Poche sono le analisi che prendono in considerazione il mismatching dal punto di vista dei lavoratori. In qualche caso viene fatto con lo sguardo concentrato sui salari bassi. Ciò porterebbe molti a rifiutare occasioni di lavoro per cercare altre opportunità meglio pagate. Una politica di sussidi inadeguata, bonus non verificati e lavoro nero, oltre al sostegno famigliare per i più giovani, sono le cause più citate.

La ricerca promossa da Legacoop-Prometeia ha invece messo a fuoco il mismatching esistente fra gli investimenti in formazione e il sotto inquadramento che avviene nella realtà economica.

I dati che sono stati presentati sfatano un po’ la narrazione di un Paese dove si investe poco in formazione, almeno per scelta personale. Nel decennio fra il 2011 e il 2022 un lavoratore italiano che aveva mediamente 11,3 anni di studi nel suo background formativo aveva nel 2022 12,6 anni di preparazione. L’anno e tre mesi in più di media è stato ottenuto anche per il forte recupero fatto da lavoratori della fascia di età 35-44 anni che hanno recuperato sui più giovani.

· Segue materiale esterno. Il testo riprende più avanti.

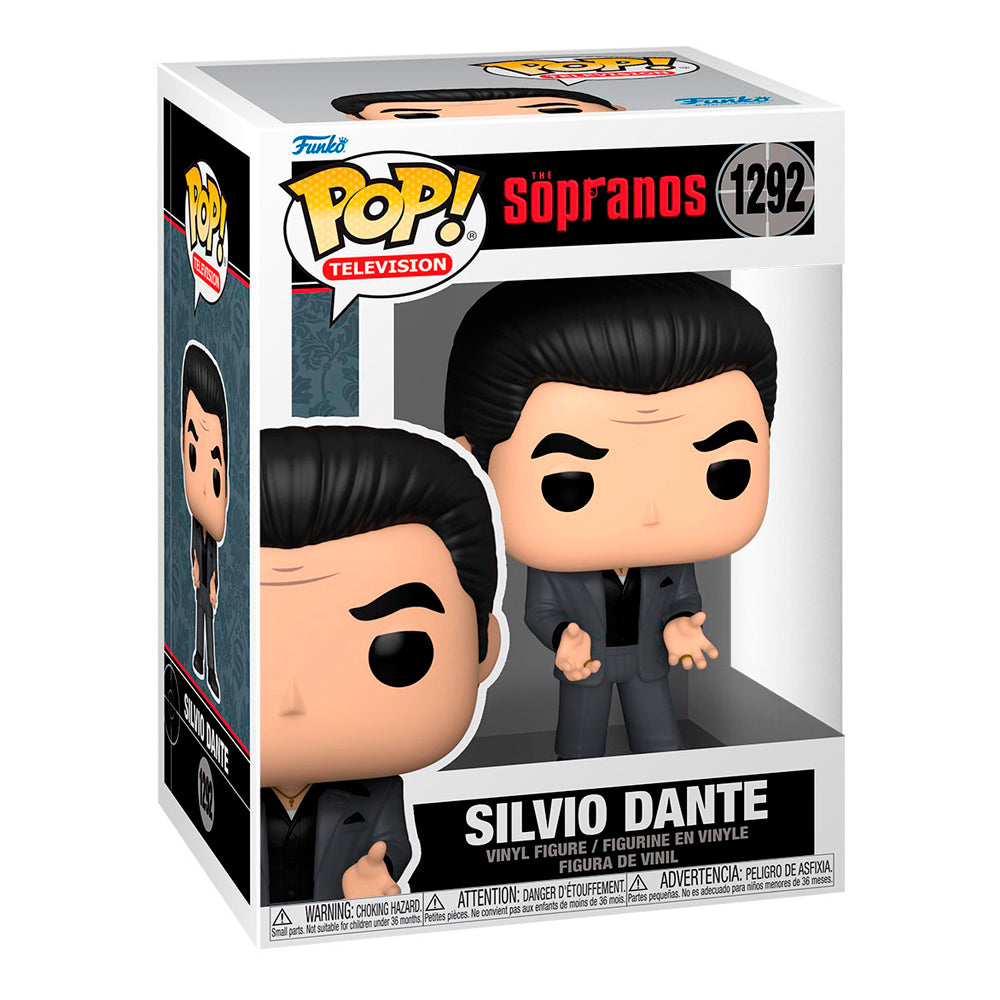 Funko Pop TV - Los Sopranos - Silvio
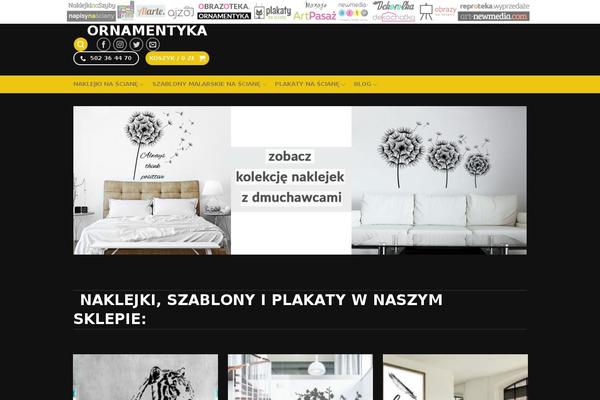 Site using Woo-inpost plugin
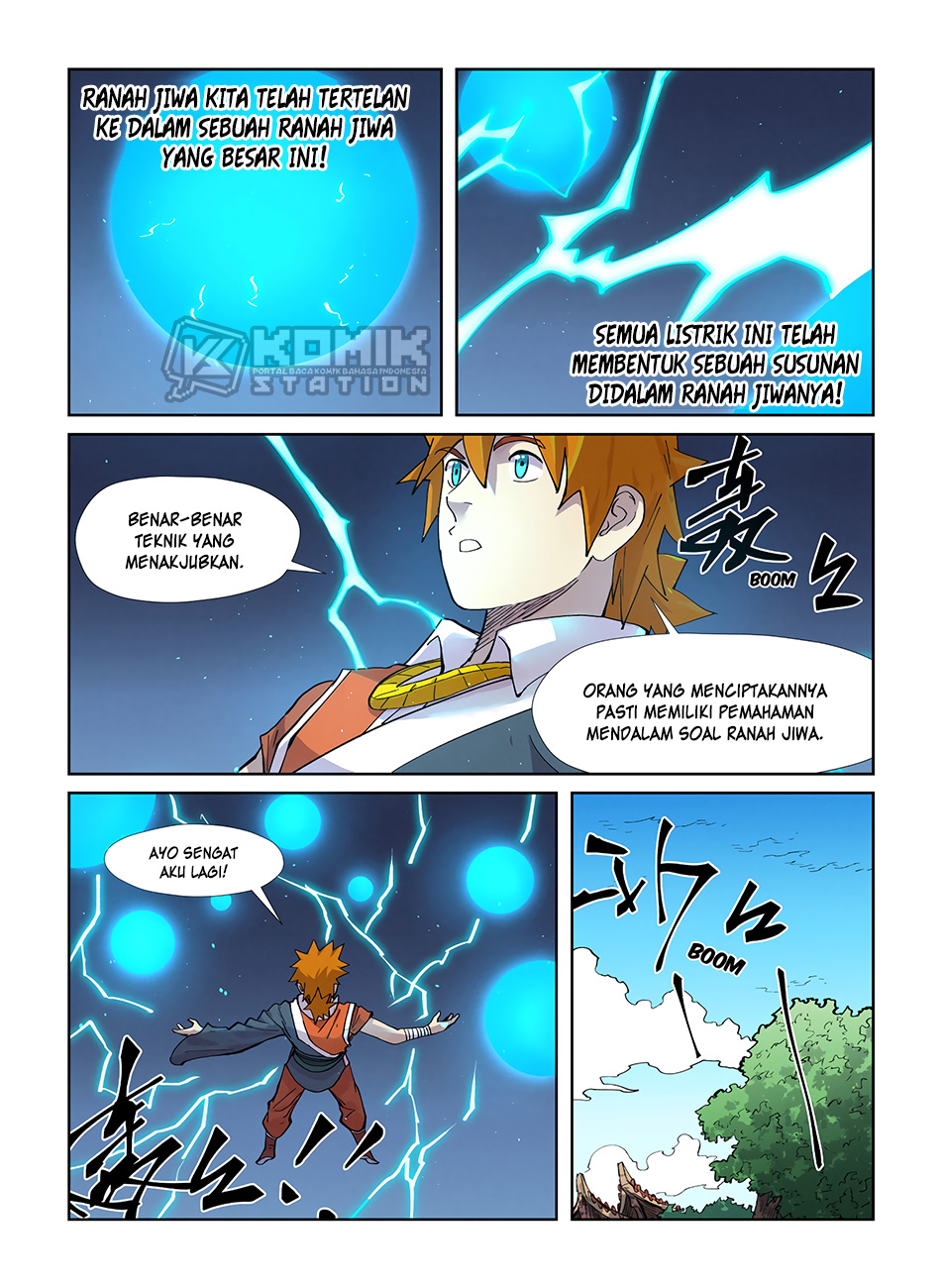 Tales of Demons and Gods chapter 243.5 halaman 6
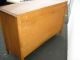 Vintage French Provincial Buffet Cherry Wood Dovetail Side Board Credenza Post-1950 photo 11
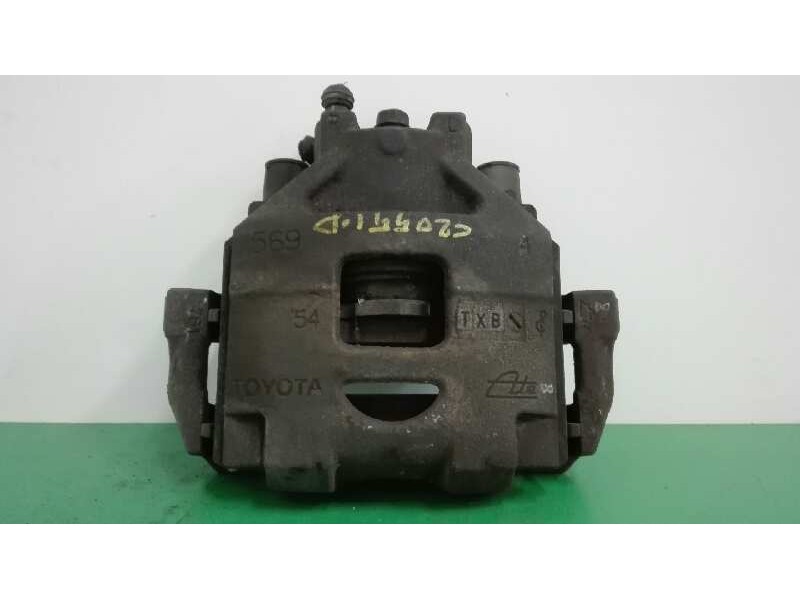Recambio de pinza freno delantera derecha para toyota yaris 1.4 turbodiesel cat referencia OEM IAM Recambio de pinza freno delantera derecha para toyota yaris 1.4 turbodiesel cat referencia OEM IAM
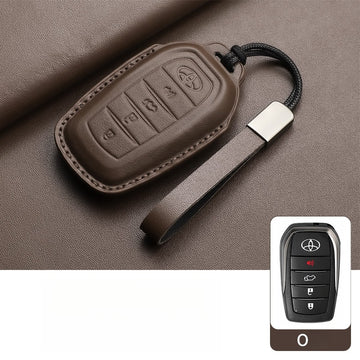 Toyota Sienna Alphard Vellfire Leather Key Case(#TO393)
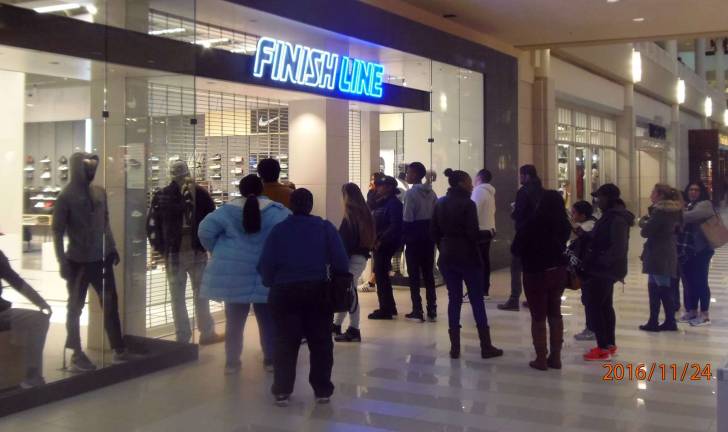 Provided photo Finish Line has reopened at the Galleria at Crystal Run after temporarily closing for extensive remodeling.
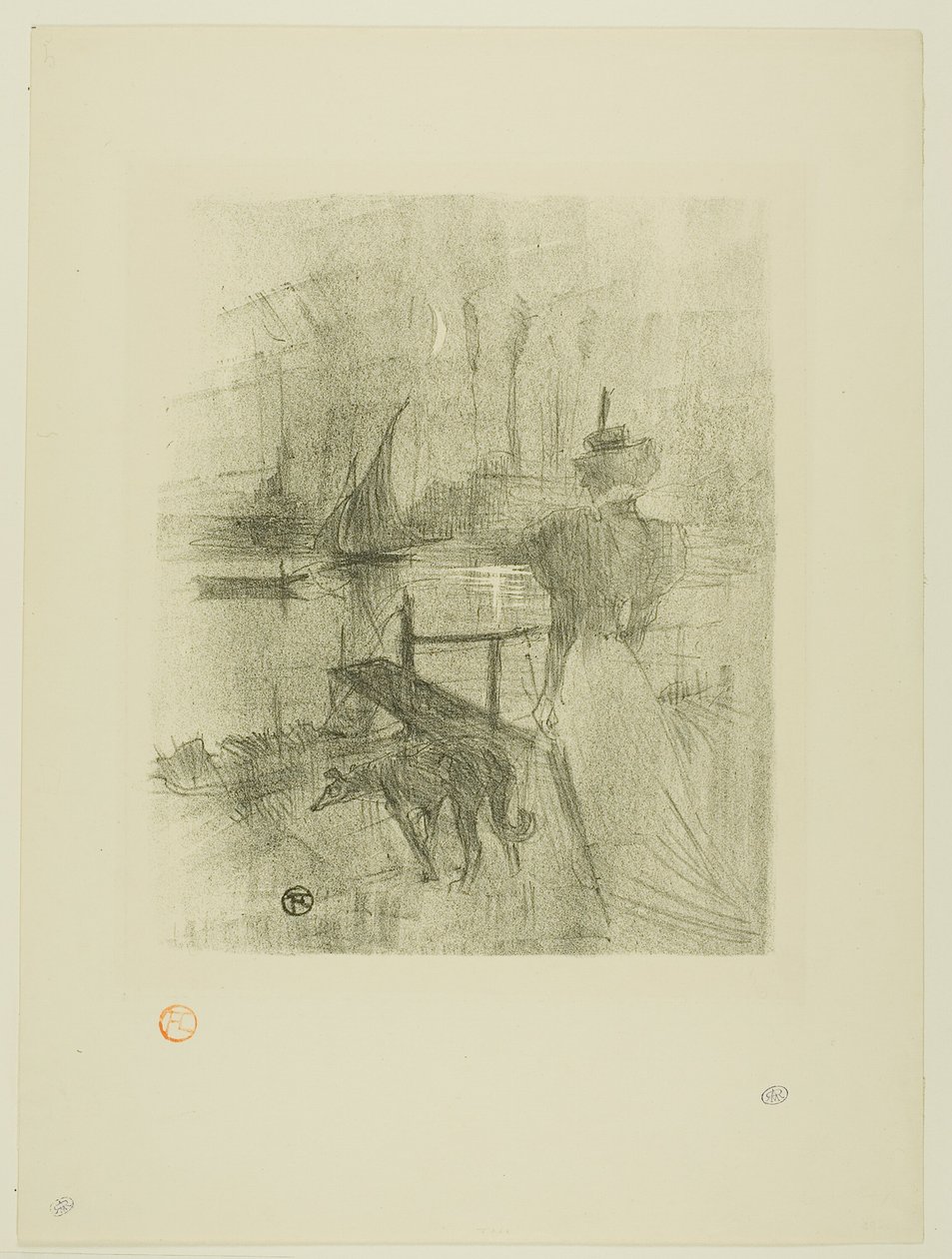 Sbohem od Henri de Toulouse Lautrec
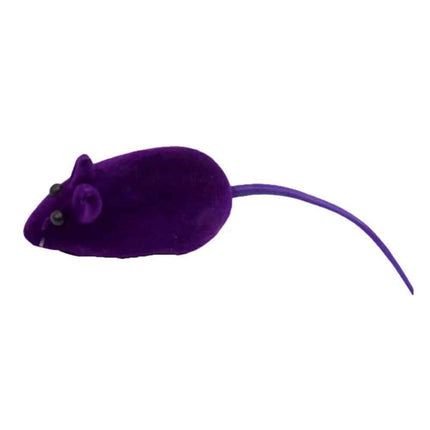 Colorful Silicone Mouse Cat Toy - wnkrs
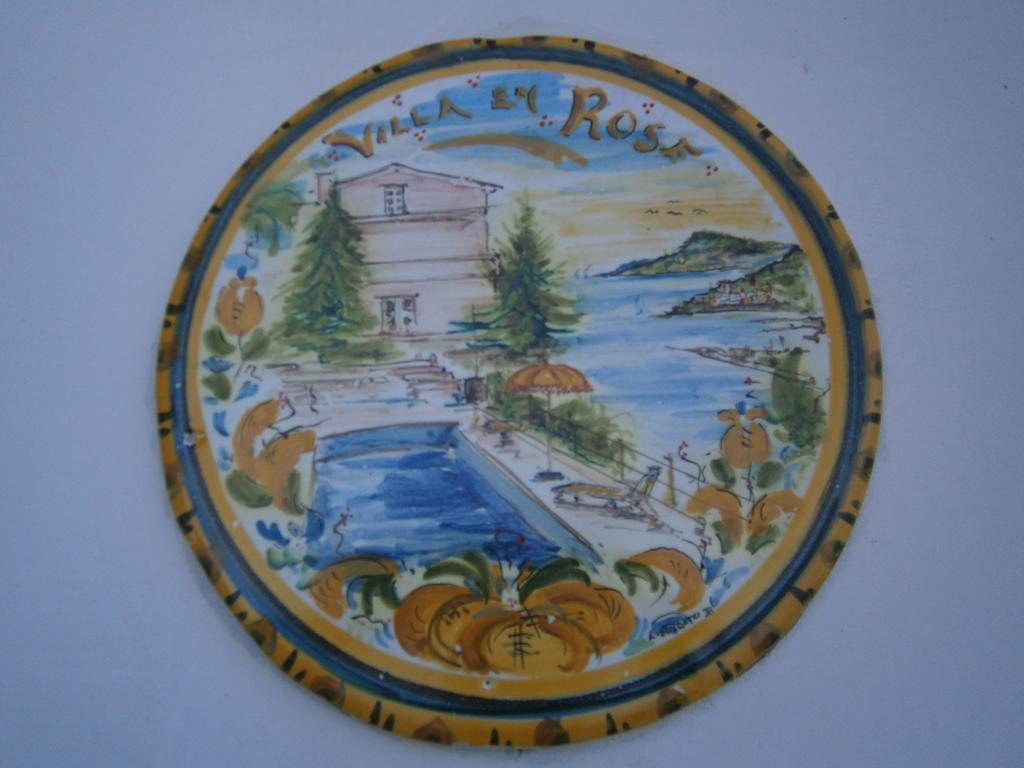 Villa En Rose Ravello Eksteriør bilde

A questo investimento di qualificazione maggiore da parte dei lavoratori ha corrisposto un sistema economico che non è cresciuto in investimento per sfruttare le maggiori competenze. Infatti, i lavoratori sovraqualificati, o visti dall’altra parte sottoinquadrati, sono passati dal 7,8% del 2011 al 12,7% dieci anni dopo.

Facendo la media del pollo, i nuovi lavoratori arrivano a essere assunti con 8 mesi di formazione di troppo. È come dire che dal punto di vista del nostro sistema produttivo potremmo tagliare un anno scolastico dal percorso educativo standard.

L’effetto di questo mismatching si riflette però anche sui salari. La sovraqualificazione comporta che per una parte dell’investimento formativo fatto il riconoscimento economico sia parziale, ossia che parte del lavoro è pagato al 67% di quanto sarebbe equo. Di nuovo abbiamo anche in questo caso che i più penalizzati sono i giovani e le donne. La sovraqualificazione di chi arriva ventenne al mercato del lavoro è superiore per 8 punti percentuali a quella dei sessantenni. A parità di qualificazione e con lo stesso impiego le donne rischiano di avere un divario del 12% rispetto ai colleghi maschi. Il divario cresce di 10 punti se la donna è sovraqualificata.

I settori che secondo i dati Excelsior hanno maggiori difficoltà nel reclutamento emergono dalla ricerca come quelli che hanno maggiori difficoltà a valorizzare i livelli di istruzione dei nuovi lavoratori.

>Questa condizione richiede interventi di sistema perché lo spreco delle competenze dei giovani lo paghiamo in termini di produttività e competitività del sistema. Aggiungiamo quindi alle rilevazioni che ci dicono come è cambiato l’atteggiamento e la disponibilità dei giovani verso il lavoro che buona parte della frustrazione viene dalla delusione dei primi approcci con il lavoro dove si vede frustrato l’impegno e anche il sacrificio messo per avere il massimo delle competenze formative.